将提供的代码,使用MPI进行并行化处理,解决 Navier Stokes Equation
问题。
Theory and discretisation
In this coursework you will be solving the same set of equations that you did
for the Modelling and Numerical Methods (MNM) coursework.
The governing equation
The aim of this assignment is to write a parallel solver for the NavierStokes
equation. At each time step there will be an inner loop in which the pressure
is solved using a projection method followed by an updating of the velocity.
Calculate an intermediate velocity.
Note that in order to calculate this divergence the values of the intermediate
velocities on the boundaries of the domains will need to be communicated.

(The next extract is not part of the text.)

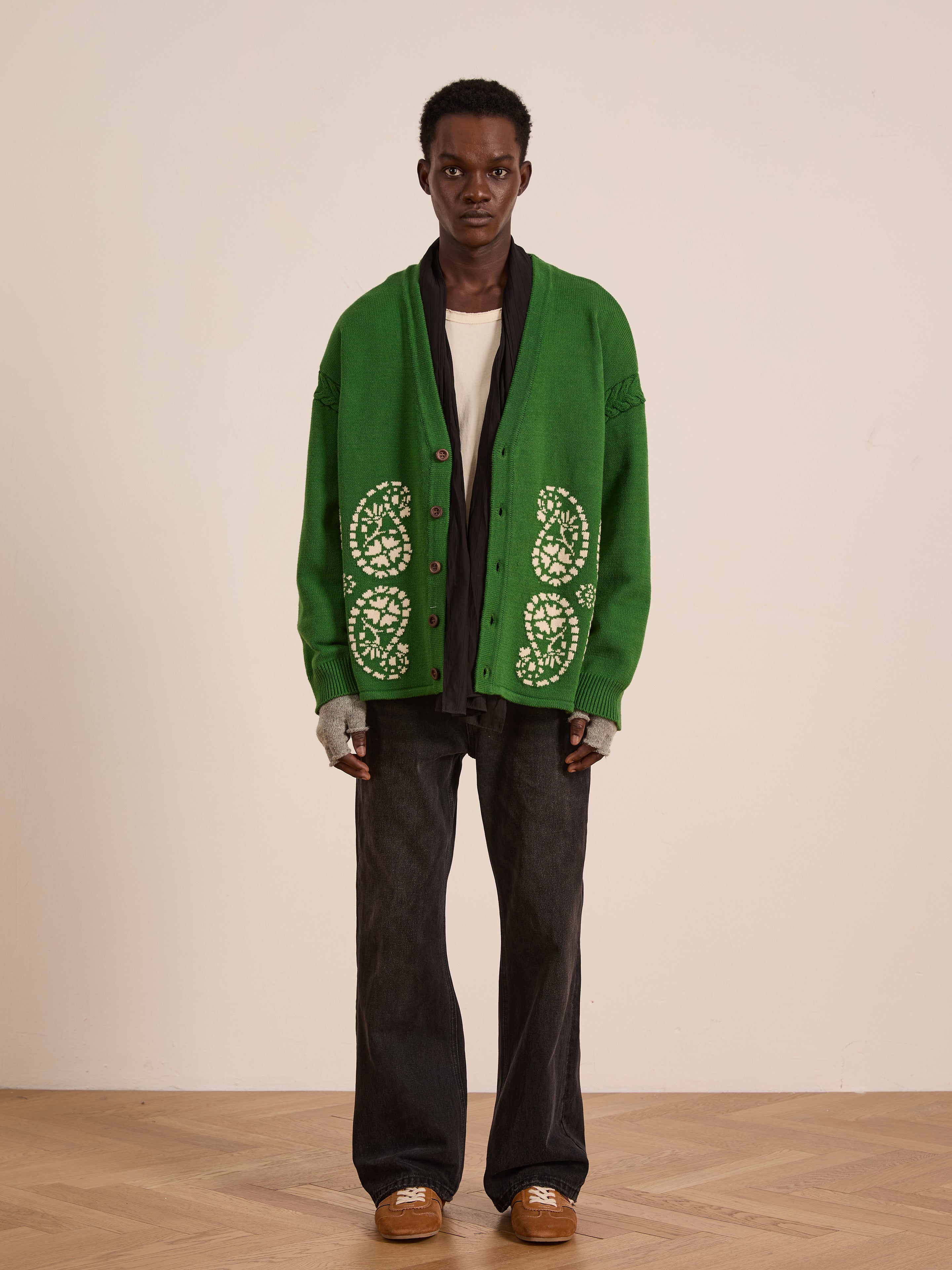 A person stands indoors against a plain background, facing forward, wearing the FOUND Paisley Knit Cardigan in green with white patterns, paired with a white t-shirt, black pants, brown shoes, and fingerless gloves.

Once the divergence at each point has been calculated, the pressure Poisson
equation can be solved iteratively using a Jacobi iteration.
Note that at every iteration the values of the pressure on the boundaries of
the domain will need to be communicated.
Once the average residual is small enough these iterations can stop. Note that
you will need to use a collective communication to find the average residual
as it is not enough that it is small enough on a single process, but needs to
be small enough across all processes.
Once the pressure has been found it can be used to update the velocities.

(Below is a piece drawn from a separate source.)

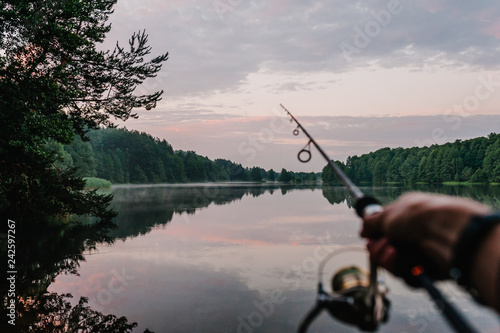 Fotografie Fisherman with rod, spinning reel on the river bank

These updated velocities on the domain boundaries can now be exchanged with
the neighbouring processors in order to allow the gradients in the
intermediate velocity calculation to be obtained.

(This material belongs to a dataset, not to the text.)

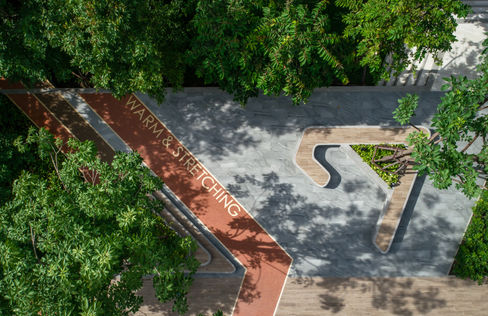 Shaded outdoor fitness and seating area surrounded by greenery at Plum Alive 2.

You can use a dynamic time step based on the Courant number (pre-factor in
relationship between the time step and the ratio of the maximum velocity to
the linear resolution), but be careful to ensure that there is a minimum time
step to ensure that there aren’t issues at early time steps when the velocity
is changing rapidly.
The domain, boundary and initial conditions - As a base case you are going to
be solving the same problem that you had for the NMN coursework question 2 and
part a. The fluid conditions and pressure drop should also be the same, namely
water and you can use a default pressure drop 0.5 Pa.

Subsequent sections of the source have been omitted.